さらに、ポリエステルの未延伸シート製造の際にも、該ポリエステルが溶融している段階で、ポリエステル中に含まれる異物を除去するために精密濾過を行う。精密濾過に用いられる濾材は特に限定はされないが、ステンレススチール焼結体の濾材が、ポリエステルの重合触媒が還元されて生成する金属Sbなどや、重合からペレット化までの段階で混入するSi、Ti、Ge、Cuを主成分とする凝集物及び高融点有機物の除去性能に優れることから好適である。濾材の濾過可能な粒子サイズは15μm以下(初期濾過効率95%)であることが好ましい。濾材の濾過可能な粒子サイズが15μmを超えるものでは、除去すべき20μm以上のサイズの粒子の除去が不十分となる場合がある。上記のような濾過性能を有する濾材を使用して溶融樹脂の精密濾過を行うことにより生産性が低下する場合があるが、光学欠陥の少ない積層ポリエステルフィルムを得るには極めて好適である。
前記の環状三量体の含有量を低減させたポリエステル(以下、低オリゴマー処理ポリエステルと称する)の製造方法は限定されないが、固有粘度が0.40〜0.60dl/gの溶融重合ポリエステルプレポリマーを固相重合する方法や所定の固有粘度のポリエステルを不活性気体雰囲気下または減圧下に固有粘度が実質的に変化しない条件で加熱処理する方法等が挙げられる。
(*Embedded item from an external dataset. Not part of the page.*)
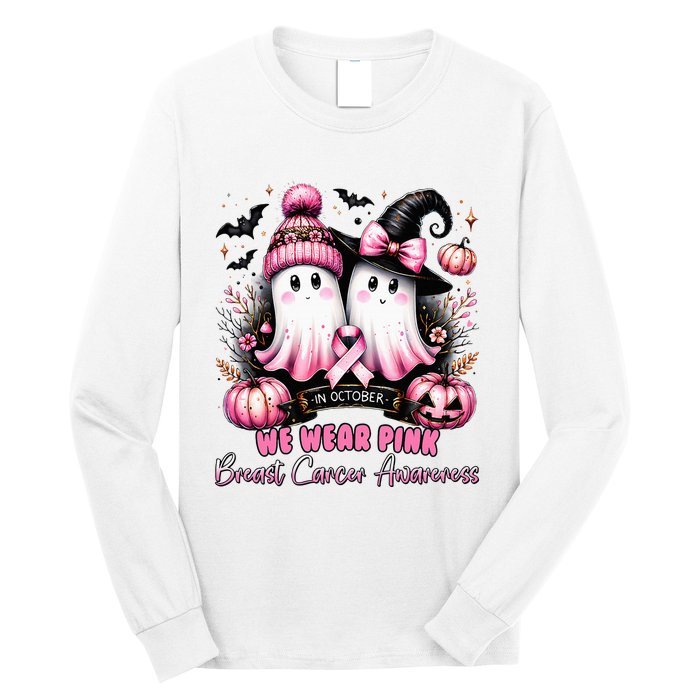 In October We Wear Ghost Witch Breast Cancer Awareness Long Sleeve Shirt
さらに、環状三量体を溶解する溶媒で抽出する方法等もある。
フィルム表面に析出する粒子を抑制するために、表面層を形成するポリエステルの全量を低オリゴマー処理ポリエステルとしてもよいし、低オリゴマー処理ポリエステルと汎用のポリエステルとの混合物を用いてもよい。
また、環状三量体は、ポリエステルフィルムの製造時の溶融押出し工程で生成するので、ポリエステルを290℃の温度で30分間溶融した時の環状三量体の増加量を5000ppm以下に低下させる手法を採用してもよい。環状三量体の増加量は、好ましくは3000ppm以下、より好ましくは2000ppm以下、特に好ましくは1000ppmである。
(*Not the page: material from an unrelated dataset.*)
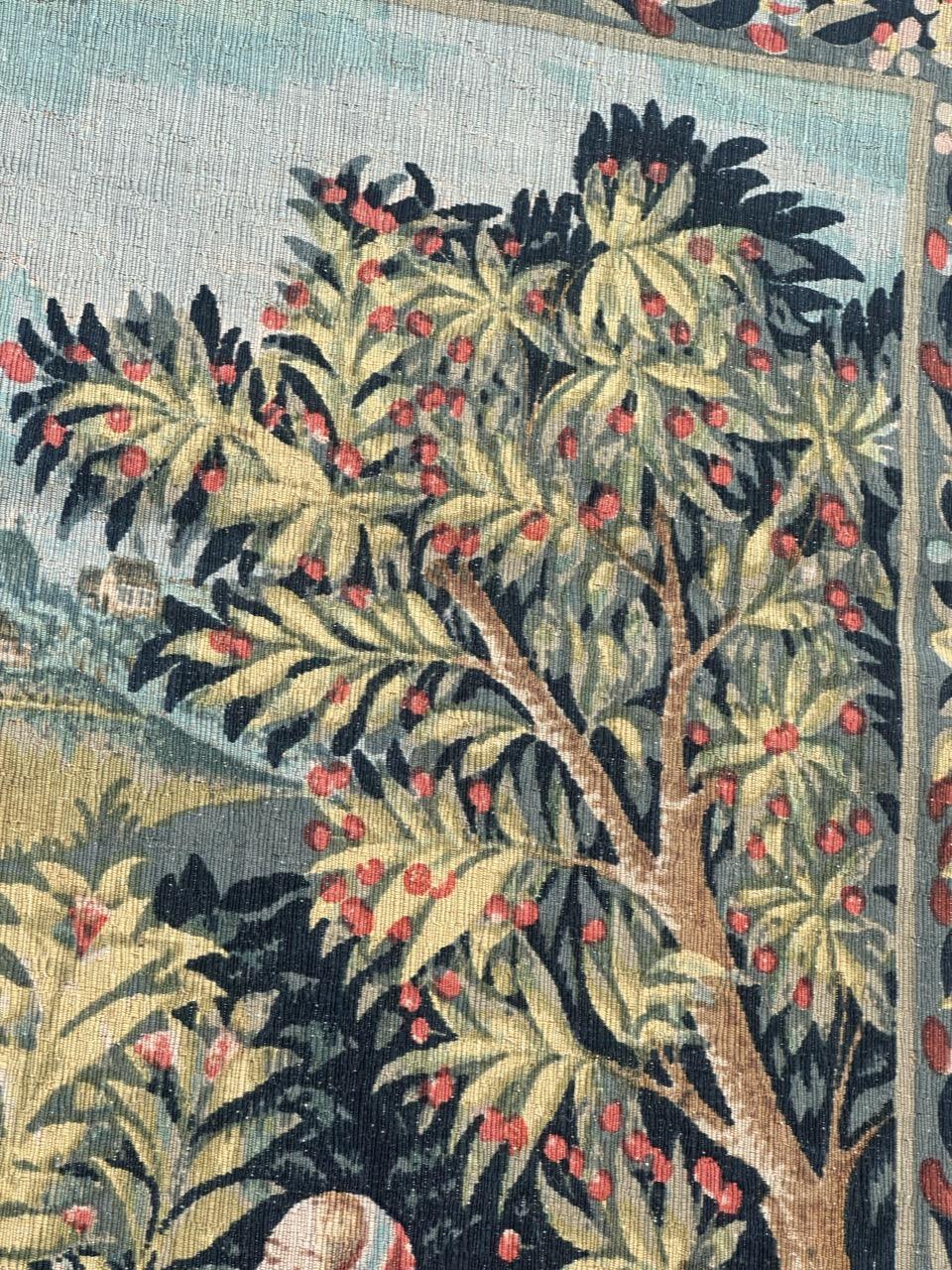 Maravilloso Tapiz Vintage Francés Estilo Aubusson Impreso a Mano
また、290℃の温度で30分間溶融したとき、環状三量体の増加量が5000ppm以下に低下させる手法を下記に示す。成形時の溶融状態での環状三量体の再生を出来るだけ抑制するためには、ポリエステル中に残存する活性な重合触媒量を出来るだけ減少さすことが重要である。このような活性な重合触媒量を減らす代表的な手段としては、下記の方法が挙げられる。
一つの方法としては、ポリエステルを水と接触処理することによって重合触媒の不活性化を行う方法が挙げられる。
ポリエステルの重縮合触媒を失活処理する方法としては、溶融重縮合後や固相重合後にポリエステルチップを水や水蒸気または水蒸気含有気体と接触処理する方法が挙げられる。
水処理方法としては、水中に浸ける方法やシャワ−でチップ上に水をかける方法等が挙げられる。処理時間としては5分〜2日間、好ましくは10分〜1日間、さらに好ましくは30分〜10時間で、水の温度としては20〜180℃、好ましくは40〜150℃、さらに好ましくは50〜120℃である。
以下に、水処理を工業的に行う方法を例示するが、これに限定するものではない。また処理方法は連続方式、バッチ方式のいずれであっても差し支えないが、工業的に行うためには連続方式の方が好ましい。
ポリエステルのチップをバッチ方式で水処理する場合は、サイロタイプの処理槽が挙げられる。すなわちバッチ方式でポリエステルのチップをサイロへ受け入れ水処理を行う。ポリエステルのチップを連続方式で水処理する場合は、塔型の処理槽に継続的又は間欠的にポリエステルのチップを上部より受け入れ、水処理させることができる。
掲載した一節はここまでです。